Amazon says consumer spending remains strong, bucking broader retail gloom
Earlier this week, Walmart and Best Buy both lowered their profit outlook for the second quarter and full year, setting off alarm bells across the retail sector that soaring inflation was impacting consumer spending.
Shares of other retailers including Amazon, Target and Macy’s all fell following Walmart’s announcement on fears they’d see similar headwinds.
But Amazon executives suggested Thursday that the e-commerce giant hasn’t seen the kinds of inflationary impacts that are hurting other retailers. On a press call discussing Amazon’s second-quarter results, CFO Brian Olsavsky was asked whether inflation had changed how consumers are spending their money.
“We have not seen anything yet,” Olsavsky said. “We saw demand increase during the quarter and we had a very strong June.”
Amazon made progress on bringing products back in stock and delivery speeds are largely back to normal, Olsavsky said, after a period where its fulfillment and logistics operations were stressed by a pandemic-driven flurry of online orders. He suggested that consumers noticed the improvement, and in turn, bought more stuff during the quarter.
Inflation-weary consumers showed no signs of curtailing spending, but that still wasn’t enough to restore growth in Amazon’s e-commerce business. Online sales declined 4% year over year, as many shoppers have returned to physical stores, leading to a broader slowdown in e-commerce activity from pandemic highs.

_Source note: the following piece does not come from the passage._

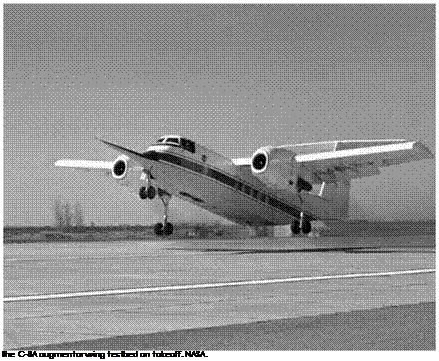 Подпись: The C-8A augmentor wing testbed on takeoff. NASA.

Amazon gave an optimistic view of the months ahead. For the current quarter, Amazon said it expects sales to come in between $125 billion and $130 billion, representing growth of 13% to 17%. Analysts forecast sales of $126.4 billion, according to Refinitiv. That, along with revenue that beat expectations, sent the stock up more than 13% after hours.
Amazon has a particular advantage of its rival Walmart.
On Monday, the big-box retailer said the rising cost of groceries and gas forced consumers to tighten their belts, causing them to spend more on necessities like food and less on areas like electronics and apparel. That meant higher ticket items started to pile up on shelves. In turn, Walmart aggressively discounted unwanted items, which hurt its profit margins.
Amazon is bolstered by a greater mix of middle and upper income consumers, whereas Walmart is “heavily driven” by the lower income consumers, which are more sensitive to inflation, said Andrew Lipsman, principal analyst at eMarketer.
“I think Walmart at this moment in time has a much, much tighter spread and is going to be more susceptible to these impacts of inflation,” Lipsman said in an interview.
Tom Forte, an analyst at D.A. Davidson, agreed. “The core consumer at Amazon is more well off than the consumer at Walmart, and that seems to be enabling it to outperform Walmart,” said Forte, who has a buy rating on Amazon shares.
Amazon also has a built-in consumer base of more than 200 million members that is primed to buy more. Members of Amazon’s Prime discount club tend to spend more and order more frequently than non-Prime members, according to market research firm Consumer Intelligence Research Partners.
So far, Amazon said Prime members don’t appear to be ditching their memberships to cut costs in the face of inflation.
“We continue to be pleased with the membership levels and retention in our Prime program,” Olsavsky said. “It was as good or better than we had expected.”